Trump confronts a public conversation he hoped to avoid over his mental stability

Last week, after Donald Trump issued genocidal threats toward Iran and made strange comments at the White House Easter Egg Roll, Rep. Jamie Raskin decided to contact the president’s physician, seeking a “comprehensive cognitive and neurological evaluation.”

This week, the Maryland Democrat, who serves as the ranking member on the House Judiciary Committee, took another step down the same path, unveiling a proposal to establish a Commission on Presidential Capacity to Discharge the Powers and Duties of Office. The measure, which was unveiled with 50 Democratic co-sponsors, would be responsible for determining whether the president is incapacitated “either mentally or physically” and unable to discharge the powers and duties of office, as called for in the 25th Amendment.

The effort comes just days after the president used his social media platform to promote an image in which he appeared to present himself as some kind of American Jesus and then said the AI-generated portrait showed him “as a doctor, making people better.”

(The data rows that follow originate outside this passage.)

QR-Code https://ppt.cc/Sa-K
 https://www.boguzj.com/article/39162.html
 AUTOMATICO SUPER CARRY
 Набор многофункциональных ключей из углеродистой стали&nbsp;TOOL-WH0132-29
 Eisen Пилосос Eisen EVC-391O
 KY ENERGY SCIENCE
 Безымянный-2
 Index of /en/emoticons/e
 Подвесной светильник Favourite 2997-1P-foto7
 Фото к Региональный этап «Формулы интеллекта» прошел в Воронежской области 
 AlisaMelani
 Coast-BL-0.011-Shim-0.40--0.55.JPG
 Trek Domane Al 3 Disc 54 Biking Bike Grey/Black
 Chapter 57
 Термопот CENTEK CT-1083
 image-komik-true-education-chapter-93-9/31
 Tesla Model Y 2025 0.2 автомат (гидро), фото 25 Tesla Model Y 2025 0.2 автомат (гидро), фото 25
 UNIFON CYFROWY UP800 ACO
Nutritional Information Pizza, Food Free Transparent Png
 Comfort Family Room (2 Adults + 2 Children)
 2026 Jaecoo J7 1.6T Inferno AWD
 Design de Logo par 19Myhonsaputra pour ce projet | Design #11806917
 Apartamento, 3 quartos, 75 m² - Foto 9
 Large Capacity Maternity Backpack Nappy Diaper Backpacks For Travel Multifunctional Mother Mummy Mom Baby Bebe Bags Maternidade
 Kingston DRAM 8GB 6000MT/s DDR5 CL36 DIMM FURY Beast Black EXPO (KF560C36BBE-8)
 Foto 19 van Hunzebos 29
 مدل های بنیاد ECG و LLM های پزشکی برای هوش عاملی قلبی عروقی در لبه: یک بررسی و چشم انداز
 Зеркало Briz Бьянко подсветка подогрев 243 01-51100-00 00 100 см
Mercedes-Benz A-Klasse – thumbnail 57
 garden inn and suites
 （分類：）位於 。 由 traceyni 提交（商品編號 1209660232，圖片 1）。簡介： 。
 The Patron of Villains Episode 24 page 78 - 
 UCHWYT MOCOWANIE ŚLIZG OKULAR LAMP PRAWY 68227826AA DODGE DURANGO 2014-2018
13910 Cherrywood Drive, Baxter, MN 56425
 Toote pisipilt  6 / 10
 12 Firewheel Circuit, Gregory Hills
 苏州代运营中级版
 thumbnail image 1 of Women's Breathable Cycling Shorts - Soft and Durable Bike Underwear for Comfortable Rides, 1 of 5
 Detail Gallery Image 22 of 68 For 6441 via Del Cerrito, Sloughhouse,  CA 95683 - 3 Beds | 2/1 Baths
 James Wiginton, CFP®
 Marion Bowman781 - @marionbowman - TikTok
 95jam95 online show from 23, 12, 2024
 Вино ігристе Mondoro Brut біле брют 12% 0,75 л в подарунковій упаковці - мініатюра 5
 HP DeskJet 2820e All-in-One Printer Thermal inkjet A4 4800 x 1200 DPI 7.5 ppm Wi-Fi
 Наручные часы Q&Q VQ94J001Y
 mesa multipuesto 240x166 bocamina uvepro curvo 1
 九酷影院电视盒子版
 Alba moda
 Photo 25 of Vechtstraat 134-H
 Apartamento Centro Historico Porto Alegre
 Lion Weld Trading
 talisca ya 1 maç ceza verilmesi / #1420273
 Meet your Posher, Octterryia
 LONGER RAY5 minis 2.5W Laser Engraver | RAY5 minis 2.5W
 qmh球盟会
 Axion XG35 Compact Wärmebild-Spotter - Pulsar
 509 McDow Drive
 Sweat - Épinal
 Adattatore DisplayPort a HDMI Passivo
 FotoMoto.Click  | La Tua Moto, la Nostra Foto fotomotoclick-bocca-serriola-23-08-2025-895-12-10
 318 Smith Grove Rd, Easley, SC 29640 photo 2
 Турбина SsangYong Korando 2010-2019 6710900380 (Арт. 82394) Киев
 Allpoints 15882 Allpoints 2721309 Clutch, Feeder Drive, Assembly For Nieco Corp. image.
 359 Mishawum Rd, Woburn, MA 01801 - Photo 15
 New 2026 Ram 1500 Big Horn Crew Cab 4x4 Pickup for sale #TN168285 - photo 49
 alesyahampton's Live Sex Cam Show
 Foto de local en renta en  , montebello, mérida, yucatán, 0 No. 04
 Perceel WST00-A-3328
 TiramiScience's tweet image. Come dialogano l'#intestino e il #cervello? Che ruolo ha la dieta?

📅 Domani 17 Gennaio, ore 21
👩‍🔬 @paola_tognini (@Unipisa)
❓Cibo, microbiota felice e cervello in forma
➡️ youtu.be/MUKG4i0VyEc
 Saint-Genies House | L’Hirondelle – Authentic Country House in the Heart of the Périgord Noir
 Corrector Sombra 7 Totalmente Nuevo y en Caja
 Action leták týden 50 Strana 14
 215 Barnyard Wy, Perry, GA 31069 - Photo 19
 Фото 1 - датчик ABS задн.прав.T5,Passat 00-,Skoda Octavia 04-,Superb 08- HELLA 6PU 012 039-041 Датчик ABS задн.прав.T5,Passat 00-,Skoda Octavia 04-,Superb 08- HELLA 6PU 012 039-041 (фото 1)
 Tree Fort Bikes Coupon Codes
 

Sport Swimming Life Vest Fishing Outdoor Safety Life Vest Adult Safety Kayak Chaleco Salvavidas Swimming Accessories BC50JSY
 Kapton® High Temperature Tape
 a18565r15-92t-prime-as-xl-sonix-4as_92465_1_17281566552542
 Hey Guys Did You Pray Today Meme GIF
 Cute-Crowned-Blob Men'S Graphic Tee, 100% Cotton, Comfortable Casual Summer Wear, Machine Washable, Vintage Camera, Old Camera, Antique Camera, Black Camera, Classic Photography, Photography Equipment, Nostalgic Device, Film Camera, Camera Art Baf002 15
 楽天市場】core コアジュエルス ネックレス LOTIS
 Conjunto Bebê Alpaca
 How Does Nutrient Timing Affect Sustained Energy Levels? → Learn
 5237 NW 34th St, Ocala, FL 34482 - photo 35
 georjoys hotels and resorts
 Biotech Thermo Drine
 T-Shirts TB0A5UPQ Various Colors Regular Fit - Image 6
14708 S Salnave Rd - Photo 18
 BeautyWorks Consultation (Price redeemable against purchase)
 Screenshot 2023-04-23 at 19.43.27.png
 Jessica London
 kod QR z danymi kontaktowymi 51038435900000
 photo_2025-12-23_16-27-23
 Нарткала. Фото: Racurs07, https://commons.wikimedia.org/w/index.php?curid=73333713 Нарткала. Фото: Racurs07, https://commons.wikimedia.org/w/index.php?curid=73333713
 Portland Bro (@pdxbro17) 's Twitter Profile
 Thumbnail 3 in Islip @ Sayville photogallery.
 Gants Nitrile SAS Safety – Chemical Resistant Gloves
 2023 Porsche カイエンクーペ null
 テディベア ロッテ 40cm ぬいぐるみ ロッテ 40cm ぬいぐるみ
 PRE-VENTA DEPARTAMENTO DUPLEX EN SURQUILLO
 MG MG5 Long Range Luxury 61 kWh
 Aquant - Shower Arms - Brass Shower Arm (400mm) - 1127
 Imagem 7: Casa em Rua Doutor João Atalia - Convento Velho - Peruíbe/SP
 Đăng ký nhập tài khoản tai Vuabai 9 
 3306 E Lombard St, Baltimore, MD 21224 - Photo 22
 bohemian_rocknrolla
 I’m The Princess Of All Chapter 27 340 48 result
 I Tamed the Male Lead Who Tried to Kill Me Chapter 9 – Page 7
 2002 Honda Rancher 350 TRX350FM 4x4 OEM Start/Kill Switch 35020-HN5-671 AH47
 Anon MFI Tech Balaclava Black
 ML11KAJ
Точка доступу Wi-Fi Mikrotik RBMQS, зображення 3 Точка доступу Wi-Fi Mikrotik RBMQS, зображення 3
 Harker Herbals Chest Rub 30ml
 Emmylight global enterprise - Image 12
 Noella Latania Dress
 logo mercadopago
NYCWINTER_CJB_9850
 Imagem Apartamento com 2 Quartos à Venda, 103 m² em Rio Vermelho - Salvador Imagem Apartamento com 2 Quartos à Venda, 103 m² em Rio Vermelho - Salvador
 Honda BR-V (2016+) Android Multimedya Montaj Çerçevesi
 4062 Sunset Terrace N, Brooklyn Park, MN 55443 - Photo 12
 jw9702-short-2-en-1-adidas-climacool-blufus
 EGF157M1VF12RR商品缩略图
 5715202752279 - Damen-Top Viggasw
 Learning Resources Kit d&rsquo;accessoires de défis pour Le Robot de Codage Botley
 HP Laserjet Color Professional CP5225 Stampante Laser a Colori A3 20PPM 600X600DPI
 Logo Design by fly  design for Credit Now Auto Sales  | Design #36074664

Few would argue Raskin’s effort stands a realistic chance of success. But arguably that’s not the point: A great many Trump critics hope to generate attention and public conversation about the president’s mental stability (or lack thereof), and proposals like these help advance that discussion.

Indeed, the day before Raskin unveiled his proposal, The New York Times published a striking report with an unsubtle headline: “Trump’s Erratic Behavior and Extreme Comments Revive Mental Health Debate.” From the article:

President Trump’s erratic behavior and extreme comments in recent days and weeks have turbocharged the crazy-like-a-fox-or-just-plain-crazy debate that has followed him on the national political stage for a decade.

A series of disjointed, hard-to-follow and sometimes-profane statements capped by his ‘a whole civilization will die tonight’ threat to wipe Iran off the map last week and his head-spinning attack on the ‘WEAK on Crime, and terrible for Foreign Policy’ pope on Sunday night have left many with the impression of a deranged autocrat mad with power.

The Times highlighted a lawyer who used to work with Trump, who described the president as “a man who is clearly insane.” It also noted a recent comment from Stephanie Grisham, a former White House press secretary who worked for Trump in his first term, who wrote online last week that her former boss is “clearly not well.”

The day after the Times’ report ran, The Atlantic’s Tom Nichols wrote a related piece, arguing, “The American people must not look away, as they have done so often in the past. They must pay attention to the president’s deterioration.”

I am mindful of the debate about whether Trump has been unhinged for years and his latest signs of mental incapacity are simply more of the same, or whether his condition is actually getting worse.

Indeed, I remember the Times publishing a front-page report in October 2024, about a month before Election Day, that highlighted a variety of situations in which the Republican “seemed confused, forgetful, incoherent or disconnected from reality.” The same article added, “He rambles, he repeats himself, he roams from thought to thought — some of them hard to understand, some of them unfinished, some of them factually fantastical. He voices outlandish claims that seem to be made up out of whole cloth. He digresses into bizarre tangents about golf, about sharks, about his own ‘beautiful’ body.”

A year and a half later, is Trump worse? It’s hard to say with confidence.

What’s easier to say with certainty, however, is that this entire line of inquiry is a disaster for the White House. Trump is woefully unpopular; he has no idea what to do with a struggling economy; and the destabilizing war he started in Iran for reasons he’s unable to explain clearly isn’t going according to plan — to the extent that the president even had a rudimentary plan at all.

It’s against this backdrop that the conversation about his mental fitness is getting louder.